Acceptance Speech on December 19, 1995
I feel very honored to be given any award that bears the name of Walt Whitman. Especially at this moment, when Federal programs to sustain the poor and disabled, the elderly and above all children, not to mention the environment, are being cut to the bone, New York State and its legislators need to remember what Whitman stood for. "This is what you shall do," he wrote. "Love the earth and sun and the animals, despise riches ... stand up for the stupid and crazy, devote your income and labor to others...have patience and indulgence toward the people." And he added, "[The poet] shall go directly to the creation."
The place of poetry in such a political season may seem negligible or even irrelevant, but in fact poetry has never been so needed. What else can so vividly and succinctly tell us who we are? What else dramatize who we are right now? Once in the late sixties I had a magical dream. I dreamed I was standing in front of a class, and as I stood there the walls of the classroom dissolved and the room became enormous, till it included figures sitting or lying on the grass outside, and some standing in clusters almost at the horizon, and I heard my own voice saying solemnly, as if it were the most important statement in the world, "Poetry is a means of expanding consciousness.”
That seemed funny enough when I woke up, but in fact poetry--like any art--exists to give everyone more life, and a people deprived of the arts will not know its own worth. This is the best and simplest reason I know to speak up for continued public arts funding, and it's what makes an organization like the New York State Writers Institute so valuable both practically and as a symbol. For poetry not only tells me who I am, it makes it possible for me to enter into the reality of others, to experience their sufferings and joys, to share their anger and their passion. It confirms the moment and it goes beyond the moment. It gives us a language for what we might otherwise never know we knew so well. It allows me to call Whitman my brother and Dickinson my sister, and as it transcends time, so it transcends the boundaries of race, class, and nation. Poetry is in fact the original melting-pot. It is therefore a very suitable medium for New York, the New York we all want to believe and walk around in.

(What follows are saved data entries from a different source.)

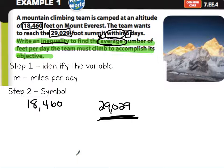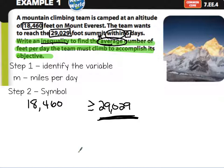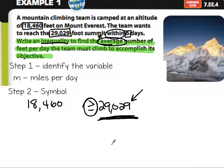If they want to do this in less than or equal to six days, they have to go more than 29,029 feet. So we're going to use the greater than or equal to symbol. The speed they travel has to get them further than the distance they want to go. They have to go fast enough to cover a greater distance than 29,029 feet. So that's the symbol we're going to use — greater than or equal to.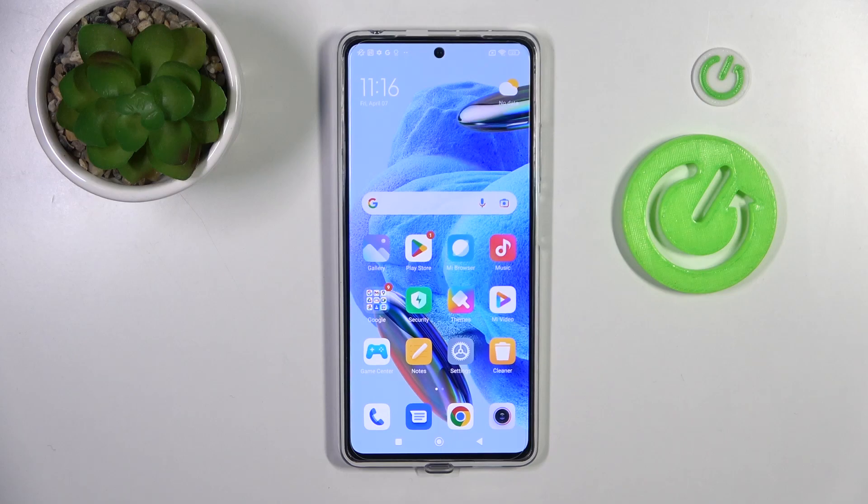Welcome! Today I'm showing you how to activate your Hey Google option on your Redmi Note 12 Pro.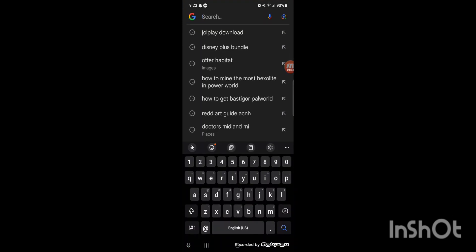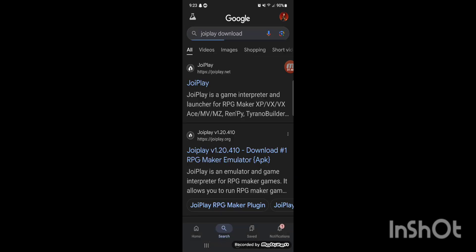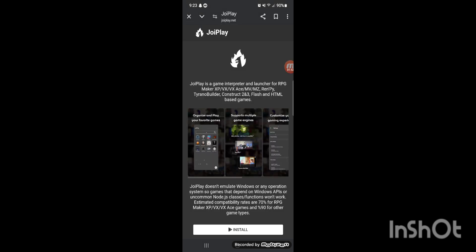So you want to go to Google, or whatever search engine you use, and type in 'JoyPlay download.' I have it on the top right here. You want to pretty much click on the first one that pops up, which is from the JoyPlay website itself — joyplay.net.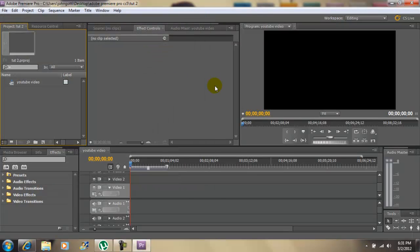Again, this was an introduction to Adobe Premiere Pro CS 5.5. I'm John Gotti. Please comment, rate, subscribe and I'll talk to you guys later.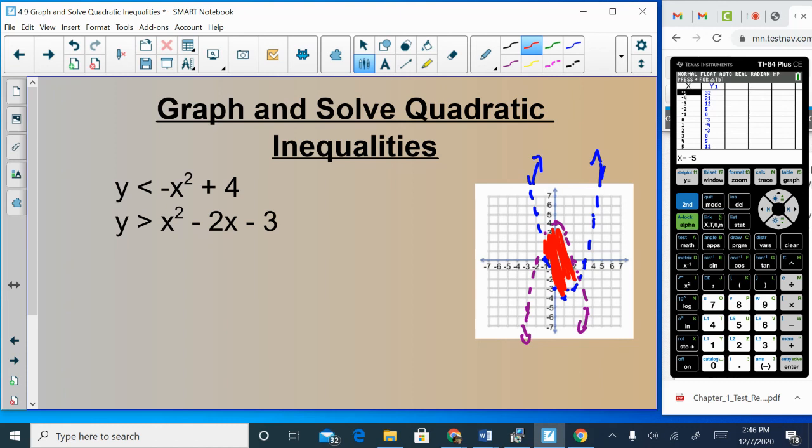And that is really the entirety of section 4.9. Do you guys have any questions? Please ask. Otherwise, that is section 4.9, which is about graphing quadratic inequalities.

Stanley Kunitz, who has just turned ninety, said recently, "I dream of an art so transparent that you can look through and see the world." For the poet, the act of making a poem is a marvelous exercise in freedom. Disparate elements come together, there is indeed a sense of expansion and the possibility of change. But ultimately, it is the reader's poem. For the reader too there must be the dance of meaning and relationship. The reader of a true poem may feel first a rush of pleasure, then a sudden access of power. What is that about? We talk a lot these days about empowerment. At the heart of the democratic process lies the conviction not just of the worth of each person but of each person's autonomy. In trusting us with its secrets the poem breathes responsible life into the words. Thank you once again for being here. I am very grateful and very honored to accept the Walt Whitman Citation of Merit as New York State Poet for 1995-1997.